In a world where technology has become an integral part of one’s life, the academe is also searching and sharing ways to enhance learning. I spent a late afternoon in Xavier School to be part of the get-together of tech integrators from different schools who came together to share how different apps they use are integrated with the subject matter they teach.
Xavier School has the distinction of being the first and only Regional Training Centre (RTC) in the Philippines. On its website, Apple describes their RTCs as follows:
The Regional Training Centre programme was born in the UK in 2005 to provide teachers with training, expertise and access to best practice to support their use of Apple technology in the classroom. The programme brings together a wide community of experienced educators and experts who provide free and easy access to Apple’s creative learning technologies through local learning-hubs.
It’s not surprising that Xavier School holds this distinction. The school has always been at the forefront of using technology. Here is an article I wrote on Xavier School way back in 2009 that already showed them moving quickly into integrating tech into the academe.
Millennials are totally different from the kind of student we probably were way back when. Today’s youth were born into the digital age. They are digital natives. Tech does not intimidate them at all. They are very comfortable using it and it is almost like second skin to them. The age of Google Search and instantaneous results also make them more impatient. They want answers right away and want lessons presented to them in a way that keeps their attention (their attention span is much shorter than ours). “Deadpan” presentations just won’t cut it anymore. They need to be stimulated by what they see and hear. Multimedia keeps them attentive.
This is the challenge to educators today – how to keep up with the latest technology, identify the useful applications, and weave these apps into one’s lesson plans in a way that is creative, imaginative, visual, and incorporates movement and sound as well. This first of planned get-togethers by tech integrators is definitely one way of sharing such technologies and their academic applications.
To kickstart the get-together, everyone was asked to type into several iMacs in the room what their definition of “tech integrator” was.
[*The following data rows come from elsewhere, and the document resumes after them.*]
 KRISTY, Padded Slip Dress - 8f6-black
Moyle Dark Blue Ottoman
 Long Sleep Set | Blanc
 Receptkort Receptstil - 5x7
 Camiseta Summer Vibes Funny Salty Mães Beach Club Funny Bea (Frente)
Using an app called BaiBoard, an interactive whiteboard for online collaboration, everyone typed in their definitions with all of them showing up simultaneously on all the screens. This illustrates what can be done in a classroom, with each student typing in inputs on his own device and with everyone’s inputs reflecting on just one interactive whiteboard. A cool collaborative technique!
Some teachers from Xavier School and other schools gave lightning talks to share what they were doing with apps to integrate them into classroom learning.
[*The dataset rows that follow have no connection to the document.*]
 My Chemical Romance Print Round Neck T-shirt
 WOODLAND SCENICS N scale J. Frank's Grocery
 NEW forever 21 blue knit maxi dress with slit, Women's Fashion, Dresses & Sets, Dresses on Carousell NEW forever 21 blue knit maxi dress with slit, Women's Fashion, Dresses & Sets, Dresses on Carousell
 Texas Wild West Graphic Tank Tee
I was fascinated, in particular, by the use of two apps, an animation app called Tellagami and a chroma app (green screen), which when combined, created a talking avatar (using one’s own voice) in the foreground of a subject matter photo.
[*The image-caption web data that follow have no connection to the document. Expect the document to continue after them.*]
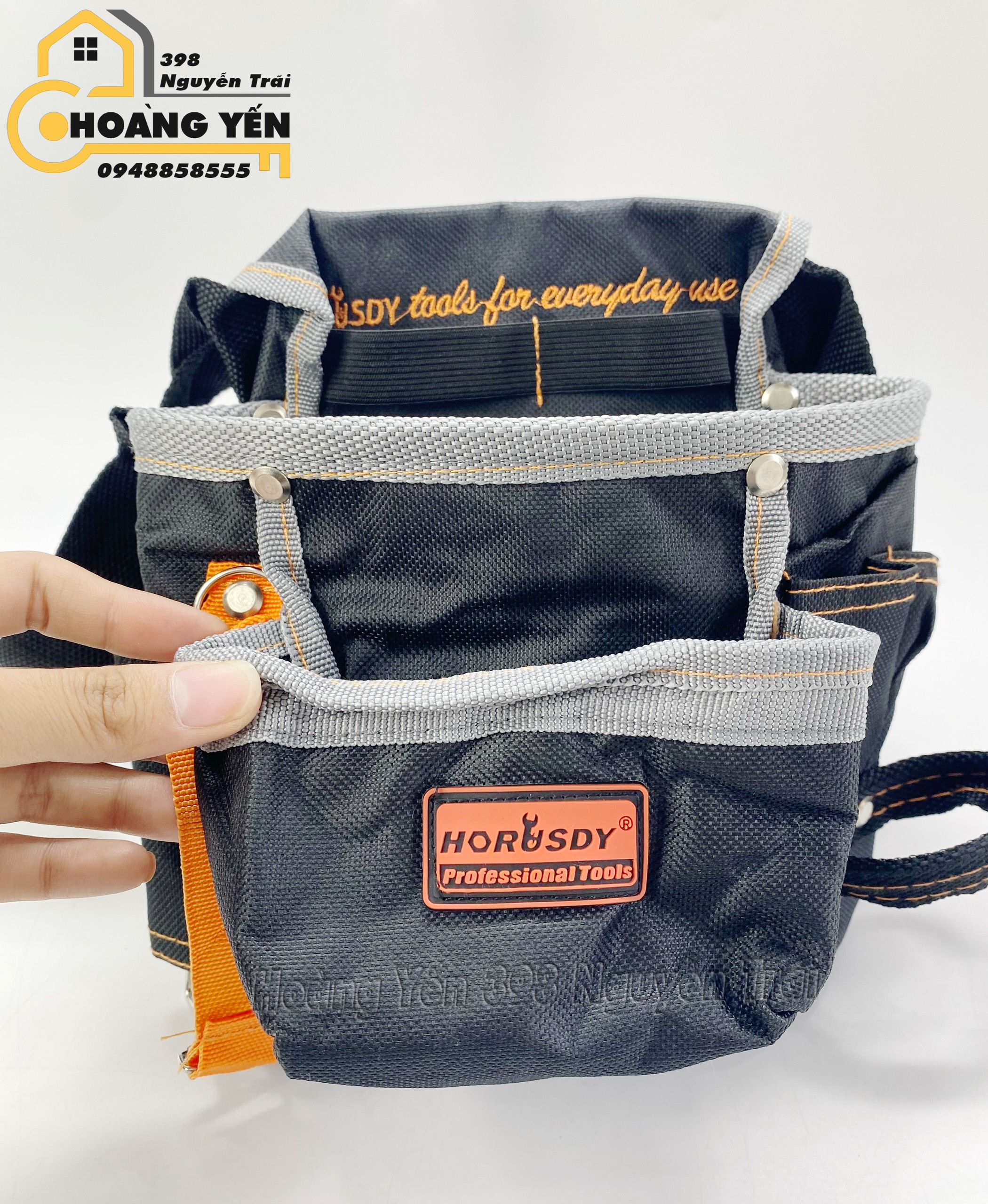 Túi đeo hông 8 ngăn HOURSDY SDY-90514 25x24cm Túi để dụng cụ đeo hông Túi đeo hông để dụng cụ Túi mang dụng cụ sửa chữa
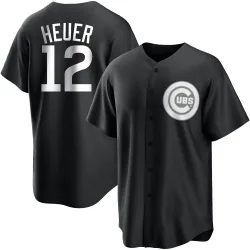 Chicago Cubs Codi Heuer White Replica Men's Black/ Player Jersey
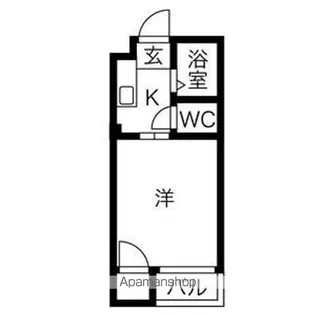 プレアール古川橋Ⅱ【4階】の間取り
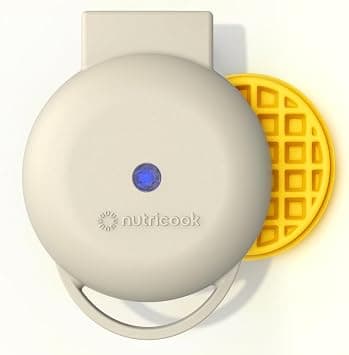 Nutricook Mini Waffle Maker 10cm Healthy Ceramic Coating for Belgian Waffles, Quick Heat-Up, Compact Waffle Maker for Home, Kids, and Travel – Easy to Clean, Biege, 2 yrs warranty, NC-WM100B on Amazon.ae - Price Tracker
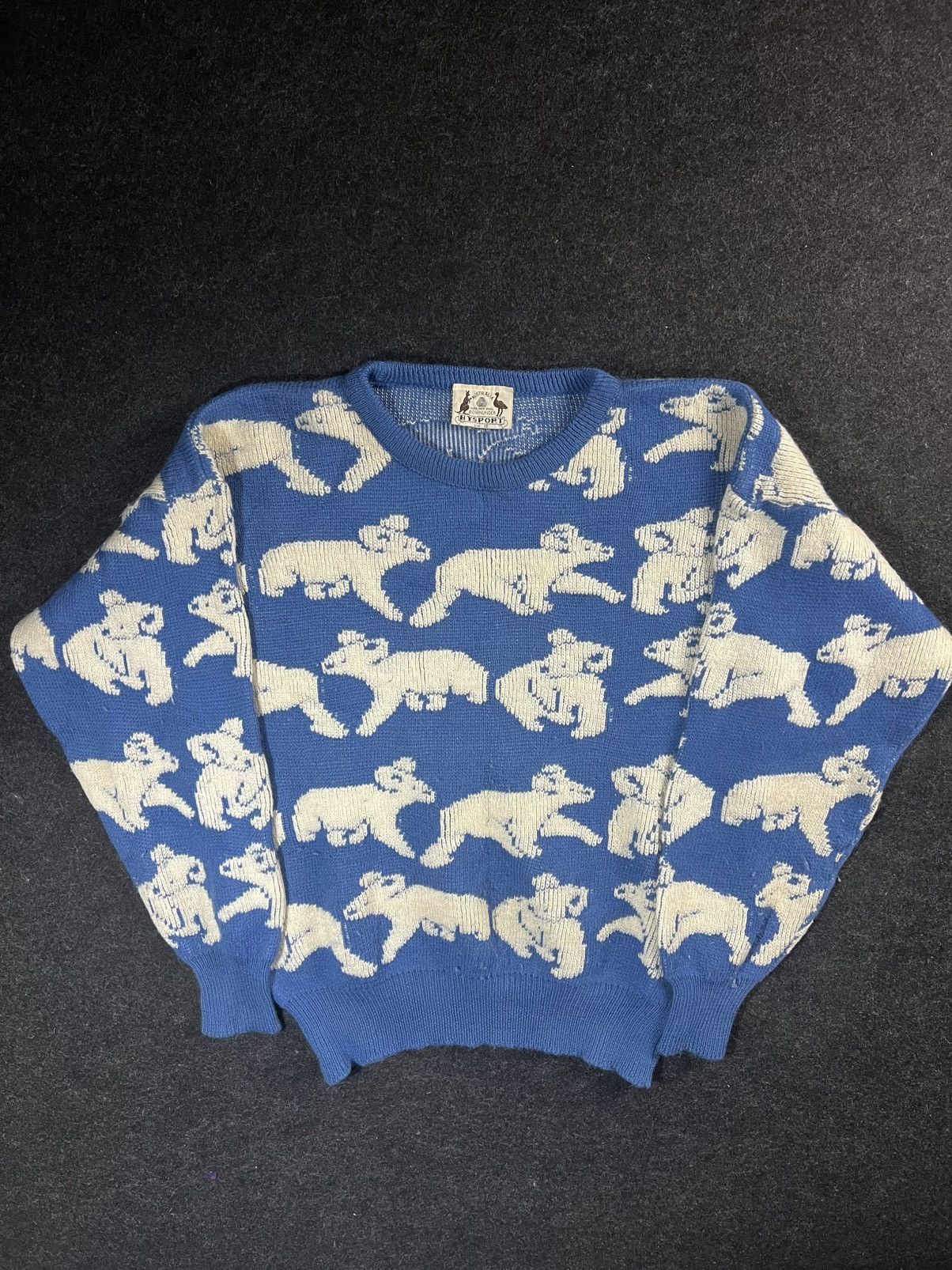 Vintage Australian Merino Pure New Wool Koala Knitted Jumper Sweater Size US M / EU 48-50 / 2 - 2 Thumbnail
An educator from another school shared how they superimposed the heads of their school administration onto superheroes just to catch the students’ attention. And the students loved it! Yes, it’s nice once in a while to see our teachers make fun of themselves, right?
This get-together, they say, is just the first of many more. Some of the participants probably are not yet as advanced as Xavier School’s educators in terms of tech integration but it is precisely this kind of inter-school sharing and collaboration that will help level up their way of teaching.
I was schooled the old, traditional way – via lectures, library researches and quizzes on pad papers. The way kids now are being taught is so much more fascinating and exciting and brings the knowledge of the world quickly into this space we call SCHOOL. I can just imagine how much more exciting learning can really be once tech integration in the academe goes mainstream.